__Exercise details__.
The answer is to be an exact copy of the lines below running from the line with "Reflection in a" down to the line with "thai pepper plant", both ends included, and nothing more.

__Source material__.
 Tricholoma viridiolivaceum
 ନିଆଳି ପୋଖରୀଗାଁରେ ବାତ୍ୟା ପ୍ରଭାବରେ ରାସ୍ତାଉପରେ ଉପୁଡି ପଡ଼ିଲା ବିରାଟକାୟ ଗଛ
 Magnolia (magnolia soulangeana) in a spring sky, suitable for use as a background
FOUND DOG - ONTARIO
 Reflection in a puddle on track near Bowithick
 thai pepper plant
==
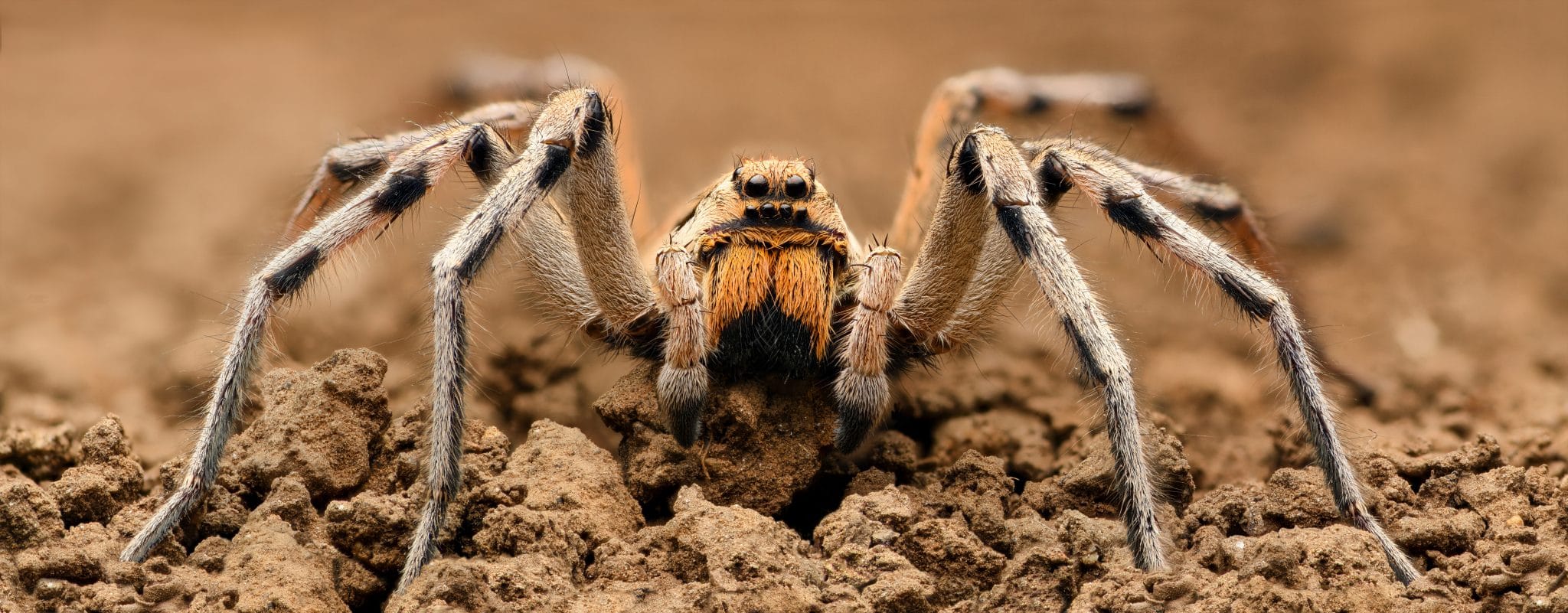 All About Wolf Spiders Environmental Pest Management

__Written response__.
 Reflection in a puddle on track near Bowithick
 thai pepper plant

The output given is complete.